This District was part of the lands originally laid out for farm land in the north of Milford in 1687 and was part of the tract known as Bryans' Farms in the early 1700s. A simple meeting house was erected here in 1791 and a charter was received in 1804 as the North Milford Ecclesiastical Society. It was from this heritage of hard working, religious farmers that the Town of Orange evolved in 1822. The love of this rural environment by succeeding generations of land holders along with zoning foresight has helped to keep this center and most of the Town of Orange in an unspoiled stated [i.e., state].

The Orange Green and its environs stand today as good examples of an early New England town center. The simplicity and charm of the area are just as evident now as they must have been shortly after its settlement. The Green, which
is situated on a pleasant, rolling hill, is fronted by the ecclesiastical masterpiece of architect David Hoadley which replaced the original meeting house in 1810. Recognizing the area's esthetics, President Timothy Dwight of Yale wrote the following in his journal after a visit in 1811:

"After passing the Western boundry of the township of New Haven, we entered the parish of North Milford.
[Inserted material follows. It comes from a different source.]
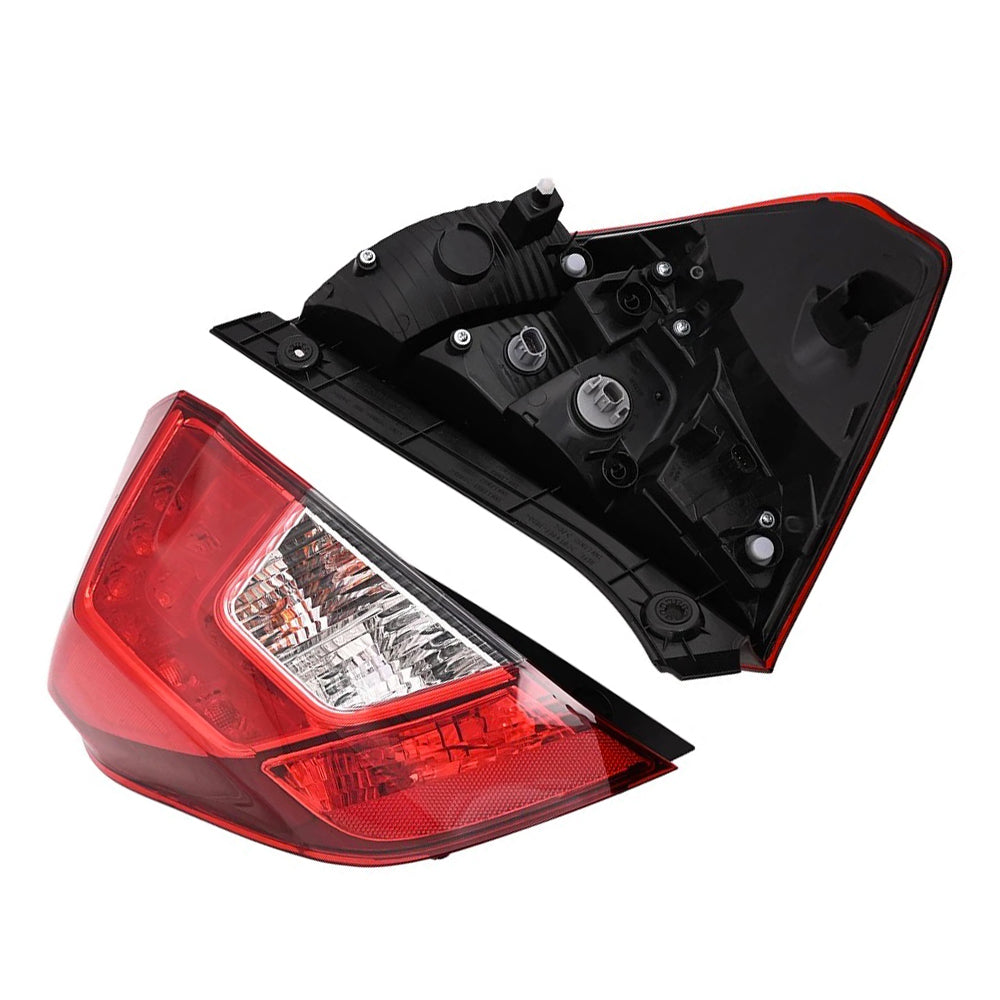 {{ Rear Tail Light Left Right Suitable for Honda Jazz Mk4 2014–2020 Halogen }} - Buy Car Parts Online at {{ Kaka Auto Parts }}.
The surface of this parish is formed of easy undulations..The people of North Milford, plain as they are, have built one of the handsomest churches in the county of New Haven and have shown that they have a just taste for the beautiful as well as the proper attachment to the useful."

The Historic District, which early became known as "The Center" and later as Orange Center was indeed the hub of the rural life of the inhabitants of the new town of Orange. It was here that they lived, farmed and met for religious or civil matters. Here they attended school, were married and here they were buried. The area at one time included several stores, a cobbler shop, a post office, a blacksmith shop, and a tavern. The first meeting of the new town was held here in 1822. It is thus obvious that this area is rish [i.e., rich] in the history and heritage of Orange.

Today this central district surrounding the green stands relatively unscathed by the modern improvements of man's twentieth century and remains as appealing as it no doubt was originally. The area today is a living example not only of the founding of the town, but also of its architectural progress through the 19th and 20th centuries. It was with an idea to preserve and protect this heritage and living history from the encroachments of modern society that the area first came under consideration as an historical district.

The ordinance establishing this district became effective January 13, 1978.